Kepala Sekolah Adat Praing Laitaku Ndappaamu, Rambu Ana Intan Tamu Ina, menyampaikan kekhawatiran akan kepunahan tradisi adat, seperti tarian Kadingang dan Kabokang yang sudah semakin jarang dilakukan oleh anak-anak. Mereka lebih memilih tren tarian di media sosial daripada budaya sendiri, dan bahasa serta permainan tradisional juga tergantikan oleh pengaruh teknologi. Sekolah adat di sini hadir untuk memastikan bahwa generasi muda tidak kehilangan akar budayanya.
Umbu Paraju, Ketua Aliansi Masyarakat Adat Nusantara (AMAN) Daerah Sumba Timur, menjelaskan bahwa terjadi krisis identitas di masyarakat adat Sumba, yang membuat anak-anak tidak bangga dengan budayanya sendiri. Stereotipe negatif terhadap penggunaan bahasa Sumba dalam kehidupan sehari-hari juga menjadi salah satu faktor yang memicu perundungan.
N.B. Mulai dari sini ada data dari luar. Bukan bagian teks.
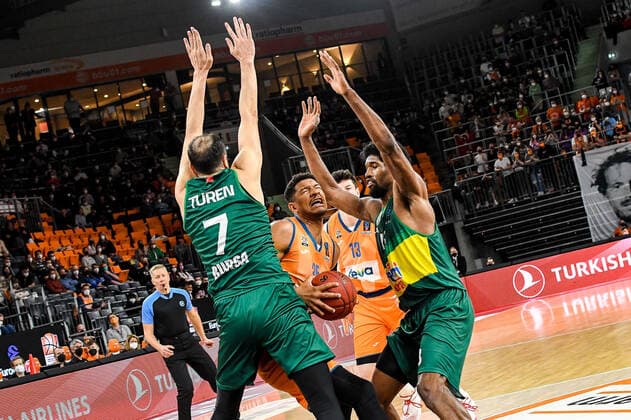 GER, EuroCup, ratiopharm ulm vs Frutti Extra Bursaspor 29 03 2022, ratiopharm arena, Neu Ulm, GER, EuroCup, ratiopharm ulm vs Frutti Extra Bursaspor, pictured Metin Turen Bursaspor, 7 , Karim Jallow Ulm, 35 , Kavarrius Hayes Bursaspor, 13 nordphotoxGmbHx xHafner nph00200
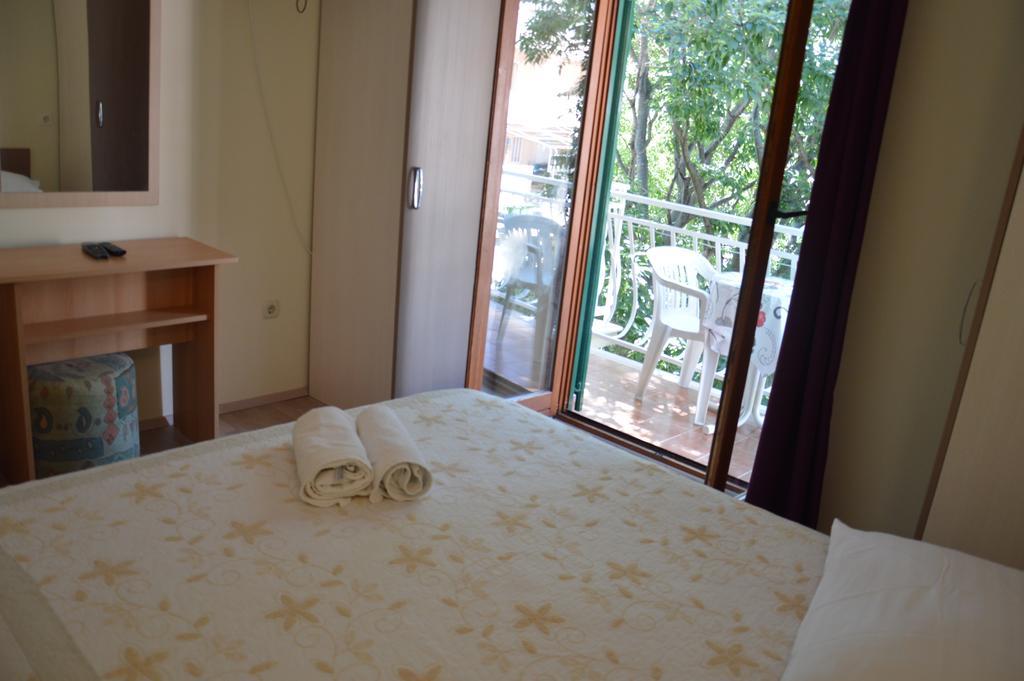 Apartmani Roko Drvenik  Bagian luar foto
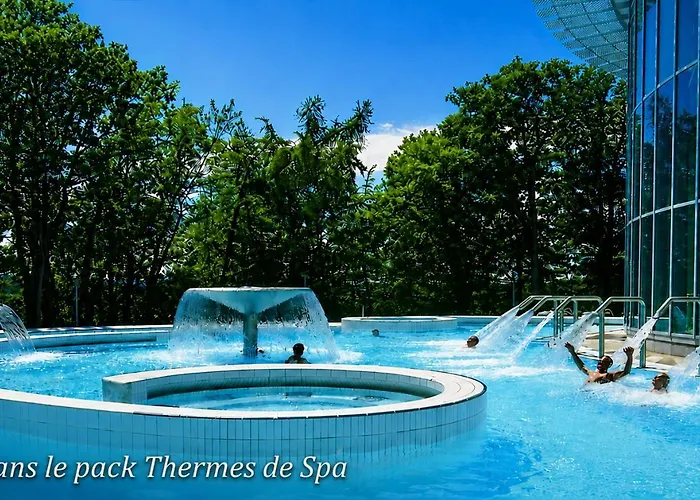 La Reine Hotel & Restaurant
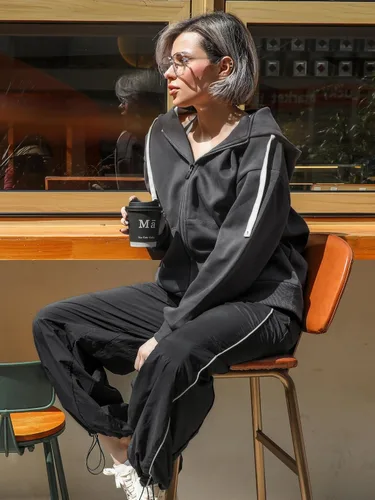 Vista 5 de ATTRACO Sudadera de gran tamaño con cremallera y bolsillos para mujer, chaqueta casual con cordón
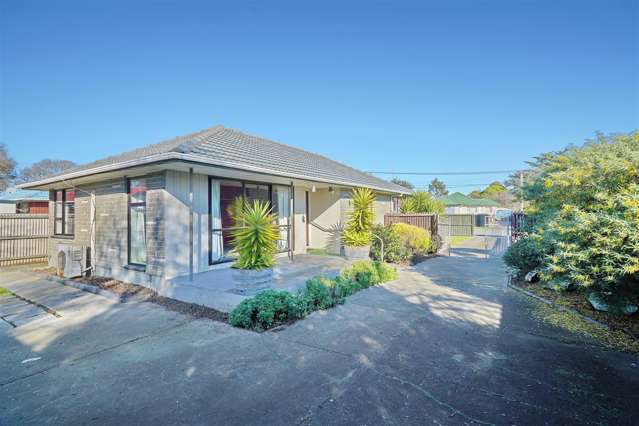 183 Shortland Street Aranui_4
Oleh karena itu, sekolah adat tidak hanya berfungsi sebagai tempat pembelajaran tetapi juga sebagai wadah untuk membangkitkan kebanggaan akan budaya lokal.
Rambu Intan bersama pengajar lainnya mengajar sekitar 20 anak di Komunitas Adat Praing Laitaku Ndappaamu, dengan fokus pada bahasa Sumba, permainan tradisional, dan tarian-tarian tradisional. Mereka berkomitmen untuk terus mengembangkan kurikulum dengan memasukkan seni anyaman, alat musik tradisional, dan seni sastra, sebagai langkah konkret untuk memperkuat warisan budaya.
Meskipun Kemendikbudristek telah memberikan dukungan untuk sekolah adat, masih ada tantangan terkait dengan kurikulum nasional yang tidak selalu mencakup muatan lokal. Pengajaran tentang kebudayaan Jawa lebih ditekankan daripada pahlawan lokal, yang membuat anak-anak kehilangan pengertian terhadap perjuangan pahlawan setempat. Oleh karena itu, langkah pelestarian budaya seperti sekolah adat menjadi semakin penting untuk memastikan keberlanjutan tradisi dan kebanggaan akan identitas budaya lokal.
Dengan pengawalan dari Kemendikbudristek dan Organisasi Riset, Arkeologi, Bahasa, dan Sastra, Badan Riset dan Inovasi Nasional (BRIN), serta penyusunan Standar Kompetensi Kerja Nasional Indonesia (SKKNI) Fasilitator Pendidikan Masyarakat Adat, diharapkan para pengajar di sekolah adat dapat memperoleh insentif yang memadai dari pemerintah. Hal ini akan semakin memperkuat upaya pelestarian budaya melalui pendidikan lokal di seluruh Indonesia.